- Original title: Het korte leven van Anne Frank
- Written by: Gerrit Netten Wouter van der Sluis
- Directed by: Gerrit Netten
- Music by: Vincent van Rooijen

Production
- Editor: Gerrit Netten

Original release
- Release: 2001

= The Short Life of Anne Frank =

2001 film by Gerrit Netten

The Short Life of Anne Frank (Het Korte Leven van Anne Frank), also occasionally referred to as The Brief Life of Anne Frank, is a 2001 Dutch television documentary film about the life of diarist Anne Frank. It was directed by Gerrit Netten. The film was narrated by several actors, including Jeremy Irons, Joachim Krol, and Bram Bart. Thekla Reuten and Nicky Morris provided voices for Anne Frank. The film includes the only known footage of Anne Frank (taken in 1941), a video of Otto Frank in English (taken in the 1960s), and some pages from the original diary of Anne Frank are also videoed in the film.

== Synopsis ==
Narrated by Jeremy Irons, Joachim Krol, and Bram Bart, the film covers the life and death of Anne Frank.

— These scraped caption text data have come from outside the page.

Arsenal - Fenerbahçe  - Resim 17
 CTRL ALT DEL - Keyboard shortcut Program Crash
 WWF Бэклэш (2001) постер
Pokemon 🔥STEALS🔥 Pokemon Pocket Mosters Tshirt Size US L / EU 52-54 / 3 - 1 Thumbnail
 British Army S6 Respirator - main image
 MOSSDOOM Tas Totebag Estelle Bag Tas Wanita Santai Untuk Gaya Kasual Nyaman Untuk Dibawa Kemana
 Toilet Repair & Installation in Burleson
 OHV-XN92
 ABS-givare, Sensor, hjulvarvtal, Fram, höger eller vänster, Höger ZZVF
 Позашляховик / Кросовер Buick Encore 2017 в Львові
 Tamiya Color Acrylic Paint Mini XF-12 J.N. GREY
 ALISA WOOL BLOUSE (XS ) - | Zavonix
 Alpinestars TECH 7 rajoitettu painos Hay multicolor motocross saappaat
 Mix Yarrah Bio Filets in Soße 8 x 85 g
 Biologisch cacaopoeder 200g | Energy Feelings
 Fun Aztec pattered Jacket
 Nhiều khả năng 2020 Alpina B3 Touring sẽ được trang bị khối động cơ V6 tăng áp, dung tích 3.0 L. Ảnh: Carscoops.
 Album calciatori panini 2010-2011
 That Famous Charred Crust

It features footage of Frank and an interview with her father Otto, who was instrumental in the publication of her diary after he was freed from Auschwitz.

==Cast==
- Thekla Reuten and Nicky Morris as Voice of Anne Frank (voice)
- Bram Bart, Jeremy Irons, and Joachim Król as Narrator

==Release==
The Short Life of Anne Frank released in 2001. Since its release it has frequently been screened as part of several historical exhibits about Anne Frank. A copy of the film is held in the collections of the United States Holocaust Memorial Museum.

== Reception ==
After its release the film has received reviews from the Library Journal, School Library Journal, The Video Librarian, and Library Media Connection.